What is orbital velocity?
Orbital velocity is the speed an object must travel to maintain a stable circular orbit around a massive body. At this speed, the gravitational pull toward the center is exactly balanced by the satellite's tendency to fly off in a straight line, so it neither falls in nor escapes. This calculator works for any central body — Earth, the Moon, Mars, the Sun, or a custom mass you enter yourself.
How to use it
Pick a central body (or choose "Custom mass" and enter the mass \(M\) in kilograms). Then enter the orbital radius \(r\) in meters, measured from the center of the body — not its surface. For a satellite 400 km above Earth's surface, \(r \approx 6{,}371{,}000 + 400{,}000 = 6{,}771{,}000\) m. The calculator returns the orbital speed in m/s and km/s, plus the orbital period.
The formula explained
The circular orbit equation is $$v = \sqrt{\dfrac{G \cdot M}{r}}$$ where \(G = 6.674\times10^{-11}\ \text{N}\cdot\text{m}^2/\text{kg}^2\) is the universal gravitational constant, \(M\) is the mass of the central body, and \(r\) is the orbital radius. Higher mass means a faster orbit at the same radius; a larger radius means a slower orbit. The orbital period follows from \(T = \dfrac{2\pi r}{v}\).
Worked example
For a low Earth orbit with \(M = 5.972\times10^{24}\) kg and \(r = 6{,}771{,}000\) m: $$v = \sqrt{\dfrac{6.674\text{e-}11 \times 5.972\text{e}24}{6{,}771{,}000}} \approx \sqrt{5.886\times10^{7}} \approx 7{,}672 \ \text{m/s}$$ about 7.67 km/s.

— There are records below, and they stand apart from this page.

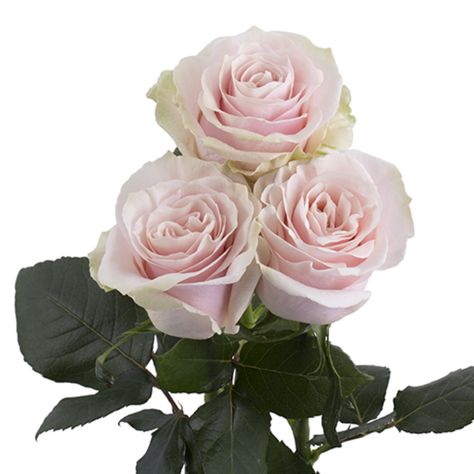 Rosaprima | Pink Mondial Pink Mondial Rose, Mondial Rose, Leaves Meaning, Standard Roses, Ecuadorian Roses, Wholesale Roses, Bridal Roses, Rose Stem, Rose Vase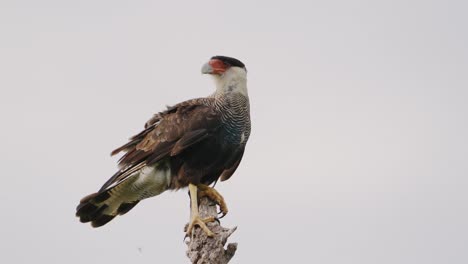 Fierce-crested-caracara,-caracara-plancus-perched-up-high-on-a-dead-tree-branch-against-white-background,-patiently-waiting-and-searching-for-potential-prey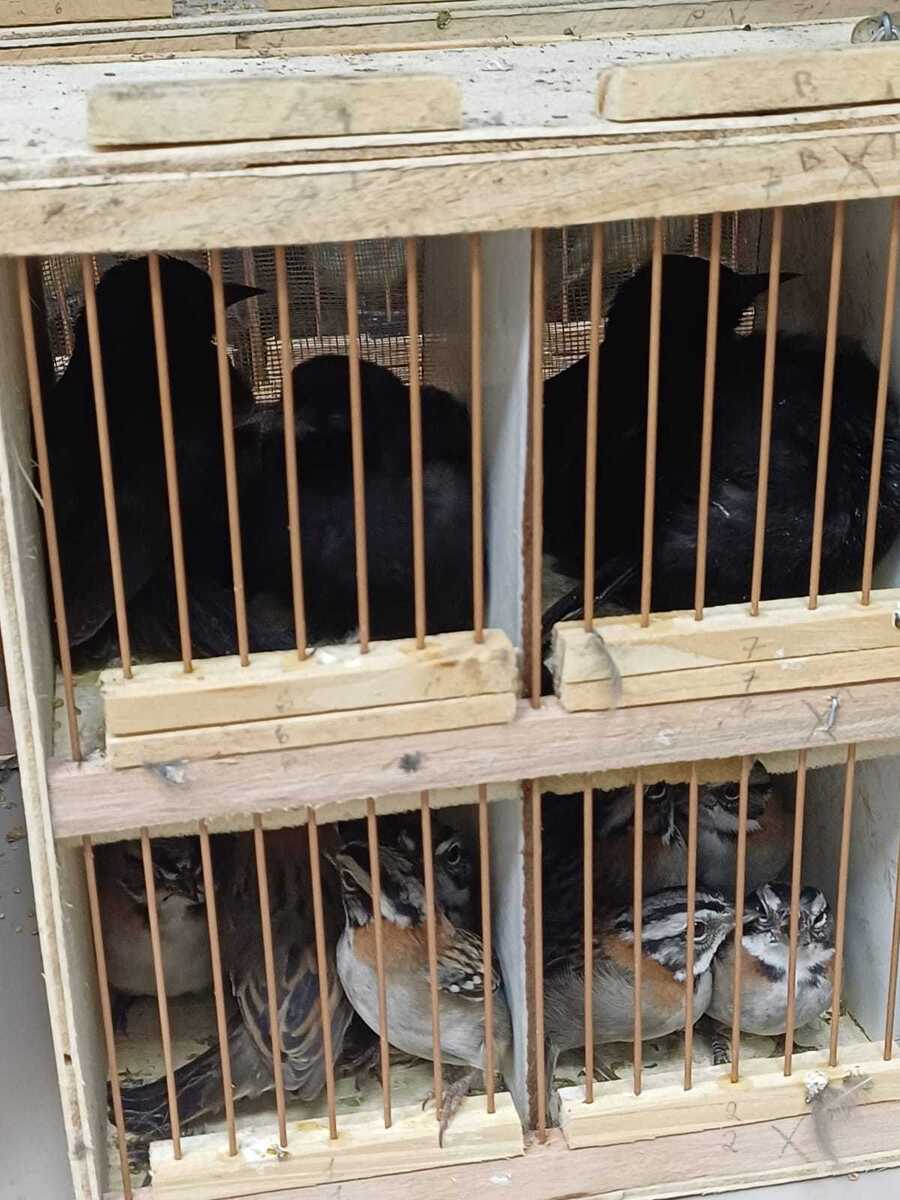 584 animais silvestres, entre galos de campina, tico-ticos, azulões e jabutis, são resgatados pela PRF em Iati, no Agreste de Pernambuco
 (Ascom/PRF)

The period is \(T = \dfrac{2\pi \times 6{,}771{,}000}{7{,}672} \approx 5{,}545\) seconds, roughly 1.54 hours.
FAQ
Is this for circular orbits only? Yes — for elliptical orbits the speed varies along the path. This gives the constant speed of an ideal circular orbit.
Why use radius from the center? Gravity depends on distance to the center of mass, so altitude above the surface must be added to the body's radius.
What is escape velocity vs orbital velocity? Escape velocity is \(\sqrt{2}\) times the circular orbital velocity at the same radius.